# Titanium heaters



## mitchell (Oct 21, 2011)

Who makes the best Titanium heater? It will be in my sump and I don't like the thought of glass in there.


----------



## ameekplec. (May 1, 2008)

I use a finnex titanium heater:
http://www.bulkreefsupply.com/store...-heater-series-digital-with-remote-probe.html

I haven't had any problems with it at all. Sits horizontally submerged in the return compartment of my sump, and the remote temp sensor sits in the skimmer section so I get a good reading of the temp of the whole system.


----------



## mitchell (Oct 21, 2011)

Thanks I'll look into those.


----------



## fish_luva (Nov 24, 2009)

Hi there,,, I've been using Via Aqua heaters (Titanium mostly & some glass ones).... Awesome heaters so far.. 18 months so far on them and they are awesome..... no worries about my fish smashing them around......

Again though,,, I've only had them for about 18 months,,,,

Check out various heater reviews on forum's and search for the viaaqua titanium and see what others are saying as well....

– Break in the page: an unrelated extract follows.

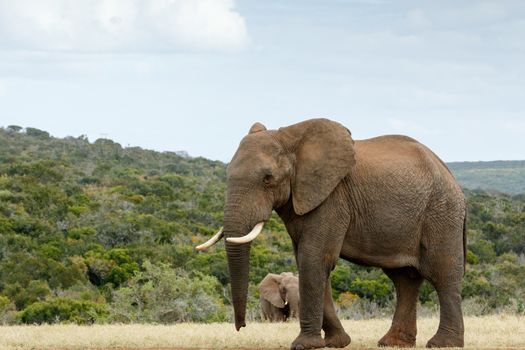 I am way to BIG The African Bush Elephant - The African bush elephant is the larger of the two species of African elephant. Both it and the African forest elephant have in the past been classified as a single species.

Here is some links. Just google them as well......

http://www.lnt.com/product/heaters/11442-503972/via-aqua-titanium-heaters.html#product_tab_stage

http://viaaquaoceanpure.com/heatcool/ViaAqua_heatcool_mainpage.html

Some reviews:
http://www.monsterfishkeepers.com/f...68208-300-Watt-ViaAqua-Titanium-Heater-Review


----------



## J_T (Mar 25, 2011)

I am using the JBJ titanium heater.

Had a problem with it, the reading was way off (temp was okay, just the out put was wrong) They replaced the sensor, and the heating element. No charge. Heck, they even made sure that UPS didn't hit me up with any fee's!

Couple emails, and it was done. Can`t ask for much more than that!


----------